Responsive Web Design is taking the interwebs by storm. It's a fairly new technique, or a least a technique that has only recently (2010) gained some mainstream recognition. This is mostly down to the very talented Ethan Marcotte and his brilliant article; “Responsive Web Design”, on A List Apart.
What does it mean?
Users no longer just use desktop browsers to view websites and browse the web. They now already use a variety of different devices such as; iPhone, Wii, TV, Smartphone, iPad, Netbook and much more.
A responsive website can automatically tailor the page layout to best suit the users viewing device. Thus giving them the best and most seamless experience.
Give it a whirl! If you're using a desktop browser on a fairly large screen, try re-sizing your browser to see how the layout changes on this page. If not, take a look at this page on your desktop/laptop and then check it out on a mobile device.
To quote Ethan Marcotte:
“Rather than tailoring disconnected designs to each of an ever-increasing number of web devices, we can treat them as facets of the same experience. We can design for an optimal viewing experience, but embed standards-based technologies into our designs to make them not only more flexible, but more adaptive to the media that renders them.”
Optimise for mobile
There are many figures flying around the interwebs, like the one from Morgan Stanley (PDF link), posted in April 2010:
“Mobile Will Be Bigger Than Desktop Internet in 5 Years”

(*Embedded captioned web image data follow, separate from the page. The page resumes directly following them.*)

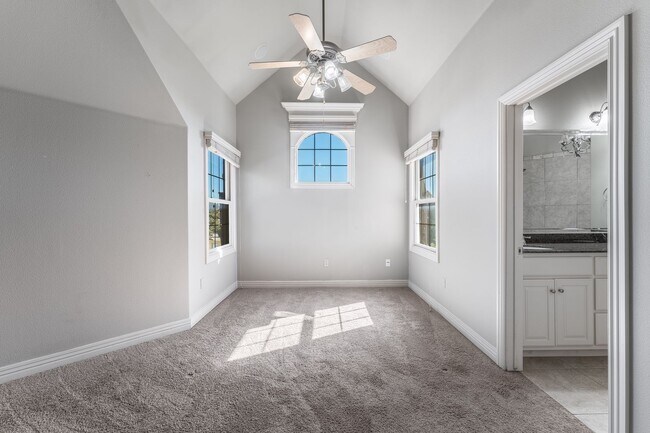 Building Photo - Stunning Townhome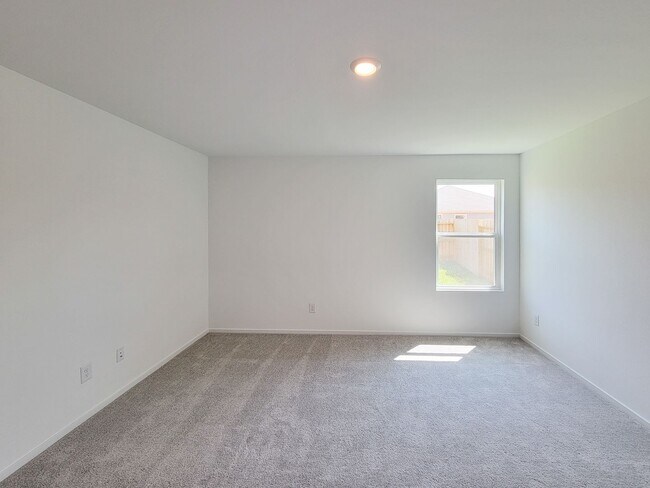 Building Photo - This single-story home shares an open layout between the kitchen, nook and family room for easy e...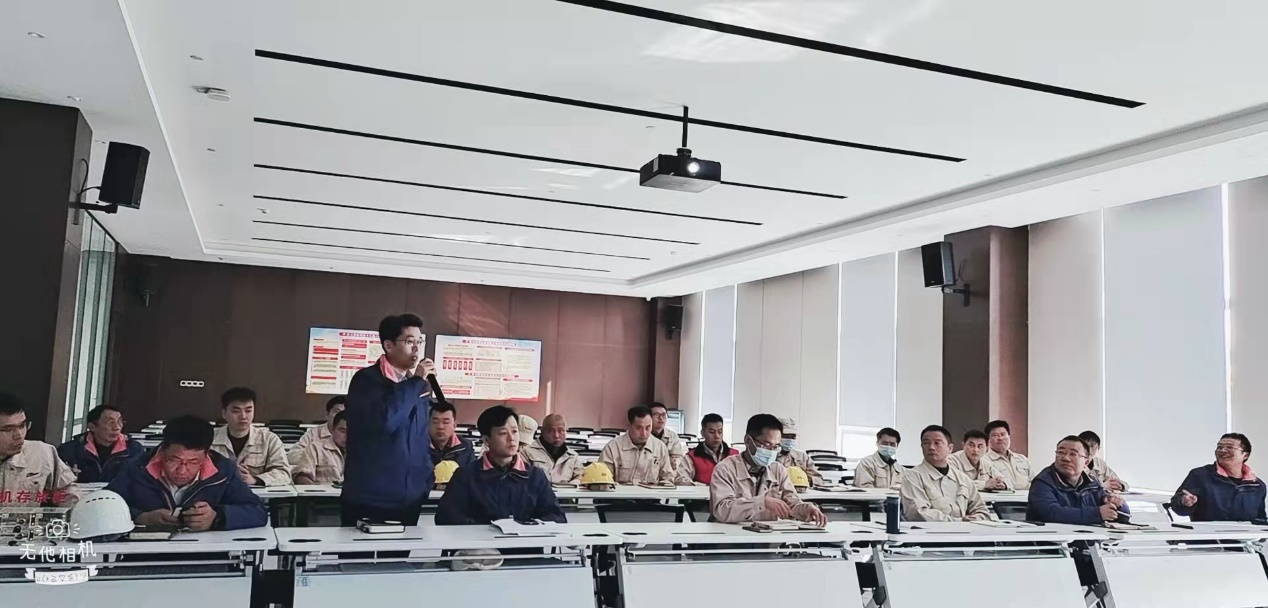 【天辰平台新材】江西子公司召开安全生产工作会议(图2)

Using responsive website principals, one site can be created that dynamically changes to an optimal layout for a mobile device, or other platform. This is generally going to be more time (and budget) efficient than building and maintaining a separate mobile website.

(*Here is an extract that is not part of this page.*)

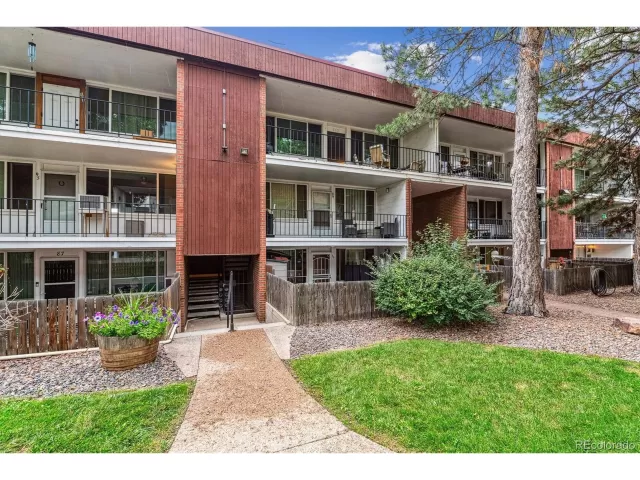 MLS: 9493055 Condo For Sale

This responsive method does not negate the need of having a separate mobile specific website. There is still very often the requirement and case for this, as you may want to serve up completely different experience, content and version on mobile devices.
For example, if you run a website for a travel booking site, your default website might contain a mixture of content like various promotions and deals, with the ability to search for flights and accommodation, plus adverts and other general information. Whereas on the mobile specific site, the user could be presented immediately with a simple interface directly into flight and accommodation searching and maybe a way to check the latest travel information or flight details.

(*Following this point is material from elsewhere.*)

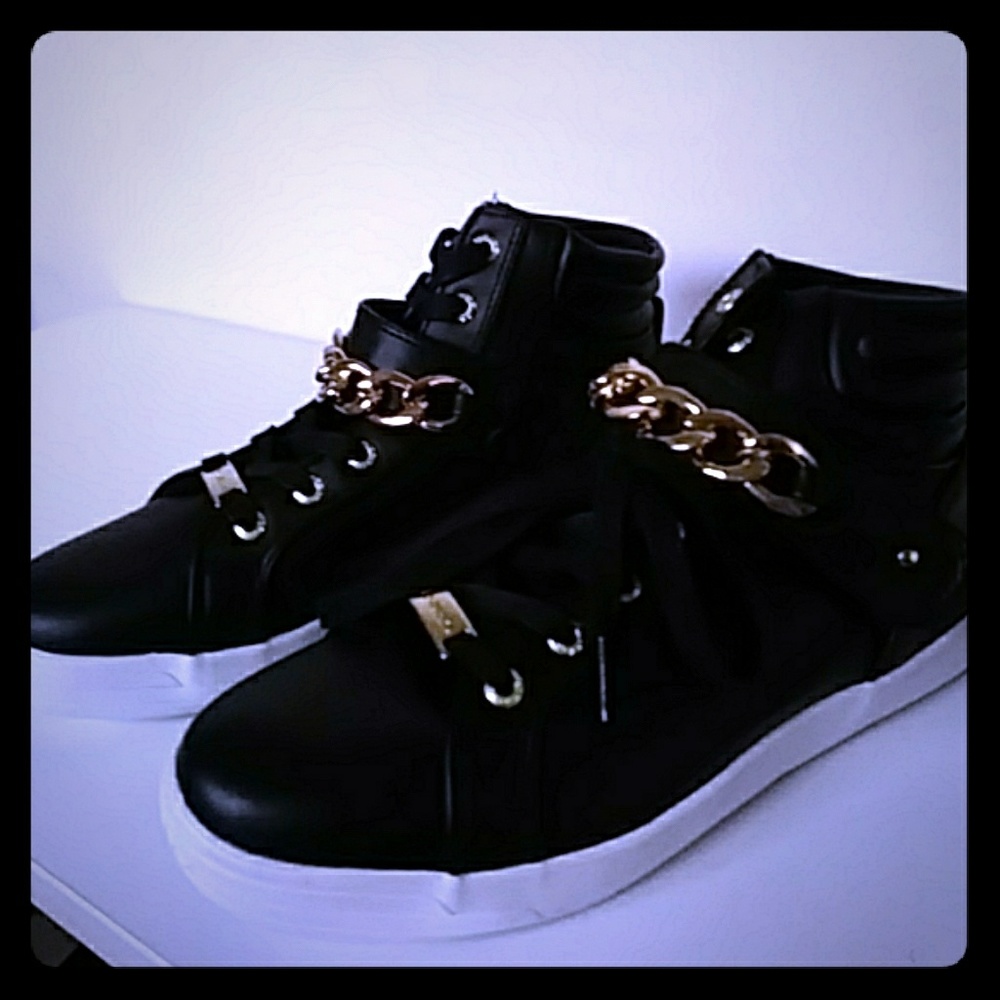 New Bebe  high top sneakers size 10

There are a few instances when having a specific (none responsive) mobile website can be an issue. For example, say you are looking at a clothing site on your smartphone (m.marksandspencer.com) and see an item that a friend might be interested in, so you decide to forward the URL. Problem is, you've just send them a link to a mobile specific site and they happen to open that link on their desktop machine with a large screen display. They're now getting an experience that just doesn't make sense and is quite poorly laid out for a desktop.
Granted, this isn't the end of the world, but it will become an issue, especially with more mobile specific sites appearing.